Le chef économiste de la BCE démissionne, bourses et euro plongent

Juergen Stark a démissionné de son poste de chef économiste de la Banque centrale européenne, sur fond de tensions.
Juergen Stark a démissionné de son poste de chef économiste de la Banque centrale européenne, sur fond de tensions. - © EPA / Alexandros Vlachos

Le chef économiste de la Banque centrale européenne (BCE), l'Allemand Jürgen Stark a décidé de démissionner de ses fonctions "pour des raisons personnelles", a annoncé vendredi la BCE dans un communiqué. Les tensions sont ravivées et les bourses replongent.

Alors que s'ouvrait le sommet du G7 à Marseille, où les grandes puissances devaient tenter de formuler une réponse convaincante à la crise, un regain d'inquiétudes sur la santé économique de la zone euro et la reprise économique mondiale faisait dévisser les marchés. La démission du chef économiste de la BCE n'y était pas étrangère.

En effet, dès 15 heures, les rumeurs de cette annonce  ont immédiatement fait plonger les Bourses européennes: Francfort, Paris et Milan chutaient notamment de plus de 3%. Quant au BEL 20, il abandonnait plus de 2,50% vers 16 heures.

Avant même cette annonce, à Paris, la Société Générale, la plus malmenée, perdait déjà plus de 10% à 17,49 euros victime, comme les autres groupes bancaires en Europe, de la défiance des investisseurs sur fond de rumeurs sur leur mauvaise santé financière.

Sur le marché des changes, l'euro repassait sous le seuil de 1,37 dollar pour la première fois depuis fin février.

Vers 13 heures, la devise européenne est tombée à 1,3699 dollar contre 1,3880 dollar jeudi à 21 heures, son niveau le plus faible depuis le 23 février, avant d'osciller autour de 1,37 dollar.

Des "raisons personnelles" qui laissent sceptique

Jürgen Stark occupait le poste de chef économiste, l'un des plus importants au sein de la BCE, depuis le 1er juin 2006. Son mandat ne devait s'achever que le 31 mai 2014.

A plusieurs reprises au cours des dernières semaines, il avait exprimé ses doutes sur le programme de rachat d'obligations publiques mené par l'institution monétaire de Francfort pour soulager les pays les plus fragiles de la zone euro.

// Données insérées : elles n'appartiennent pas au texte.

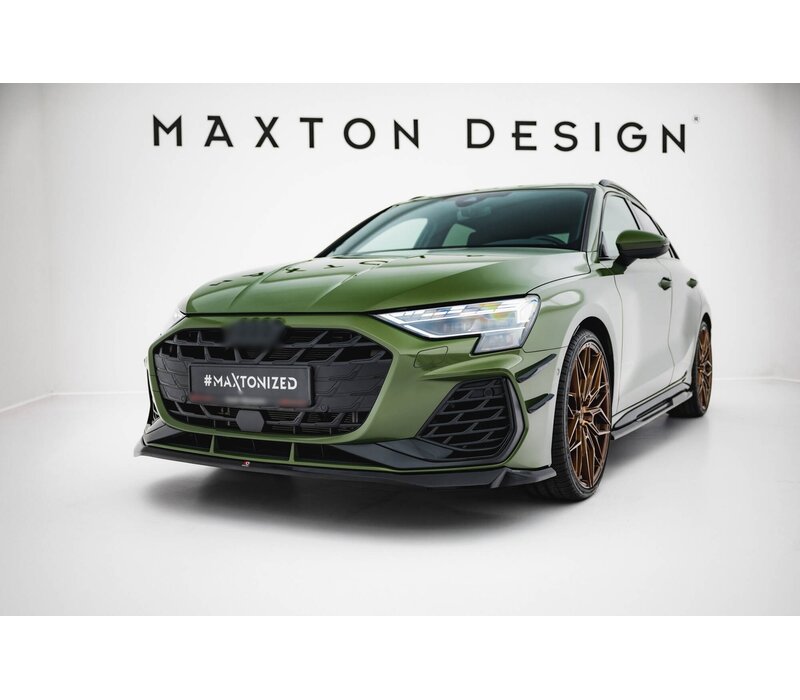 Front splitter V.2 for Audi A3 S-Line / S3 8Y Sedan/Sportback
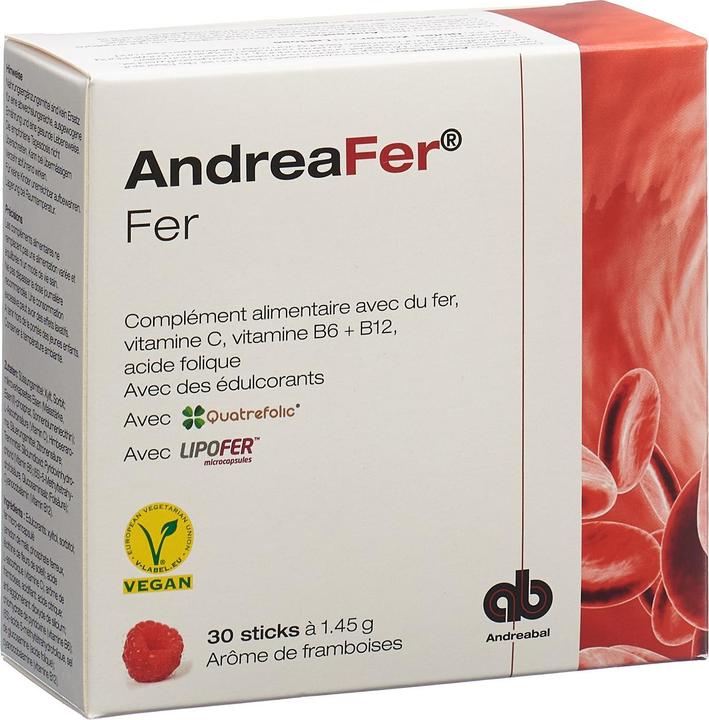 Actual product image Andreafer Iron Sticks (30 pcs., Pen, 87 g)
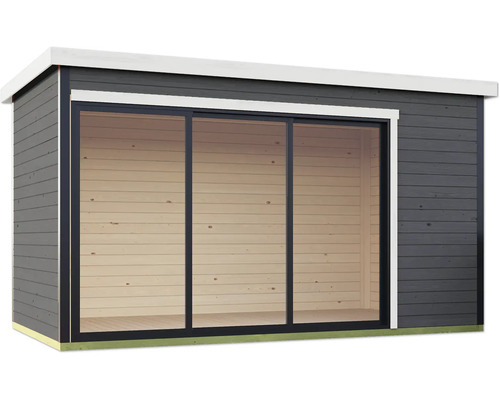 Abri de jardin moderne avec porte coulissante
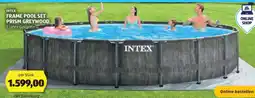 Hofer INTEX FRAME POOL SET PRISM GREYWOOD Angebot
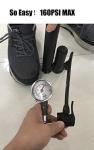VIMILOLO Bicycle Pump, Bike Floor Pump Inflator for Presta and Schrader Valve Portable Tire Pumps for Ball Bike Pumps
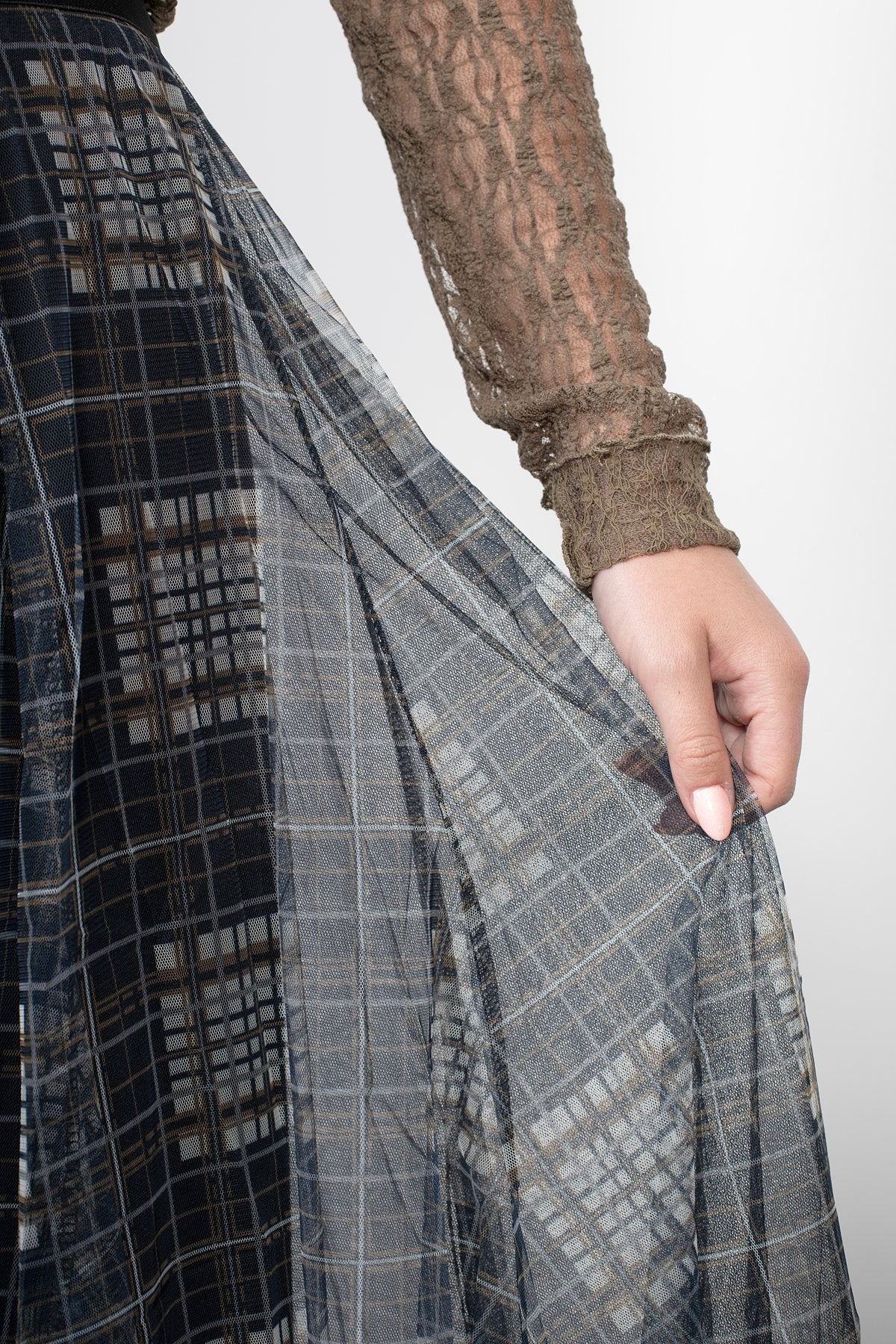 Antler Tilly Tulle Skirt - Gridlock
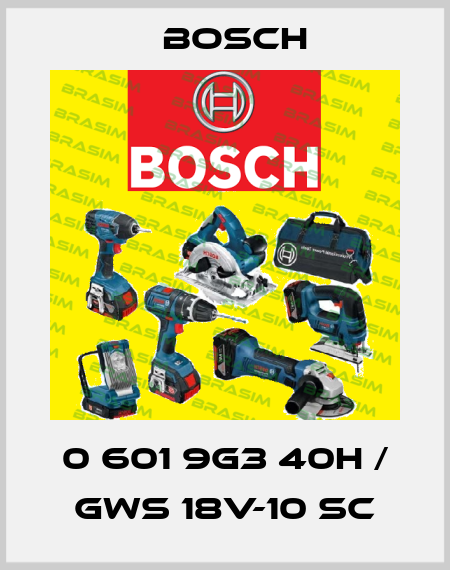 0 601 9G3 40H / GWS 18V-10 SC Bosch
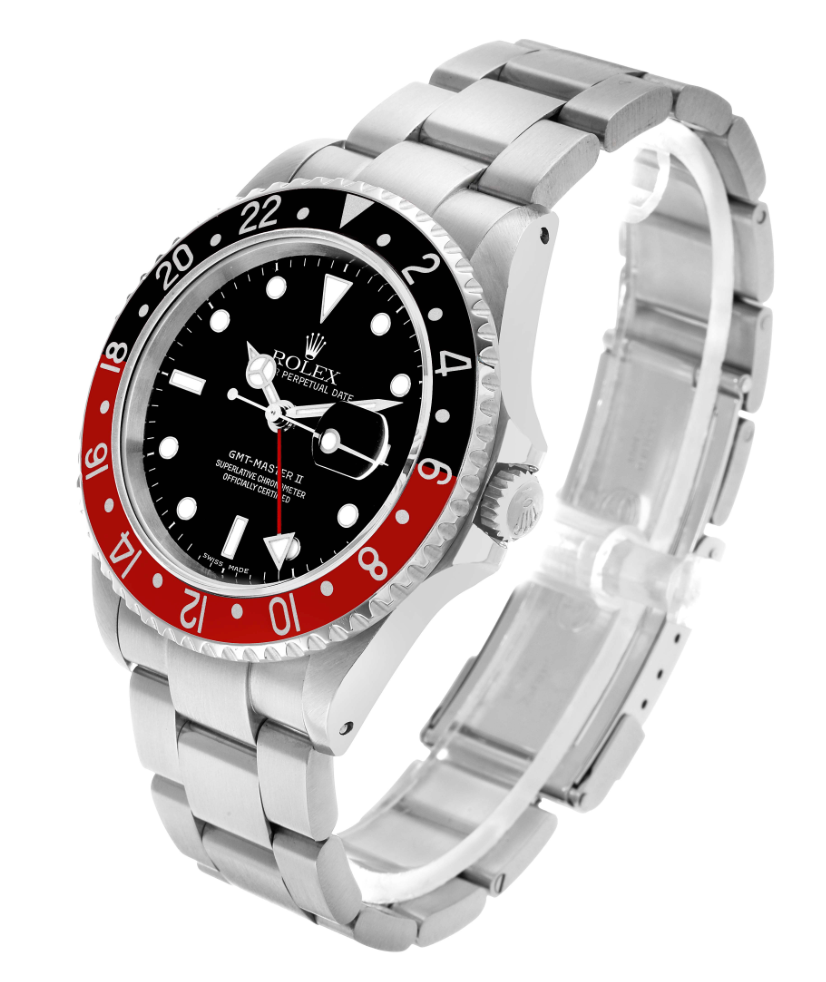 Red and Black Rolex GMT master style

La BCE, qui avait adopté ce programme à contrecoeur en mai 2010 pour porter secours à la Grèce, l'avait mis en sommeil cette année avant de reprendre ses achats en août en raison de l'aggravation de la crise de la dette qui menaçait l'Italie et l'Espagne.

Le départ de Jürgen Stark, ardent partisan de l'orthodoxie monétaire en zone euro, "reflète l'incertitude" au sommet de la BCE, tandis que les inquiétudes sur le problème grec ne faiblissent pas, a estimé Lothar Hessler, analyste des marchés de capitaux chez HSBC Trinkaus, interrogé par l'AFP.

Déjà en février, un autre Allemand, l'ex-président de la Bundesbank Axel Weber avait décidé de claquer la porte de la BCE en raison de son opposition à ce programme de rachats d'obligations.

Nouvelles dissensions entre Européens

Alors que la directrice générale du Fonds monétaire international (FMI), Christine Lagarde, a exhorté vendredi matin les pays développés à "agir avec audace" pour contrer le ralentissement de la croissance économique, les Européens affichaient à nouveau leurs dissensions.

De son côté le ministre des Finances allemand Wolfgang Schäuble opposait une fin de non-recevoir à de nouveaux programmes de conjoncture qui dégraderaient les finances publiques.

"Combattre la crise avec un endettement encore plus prononcé, cela serait exactement le mauvais chemin à prendre", a-t-il déclaré vendredi après-midi.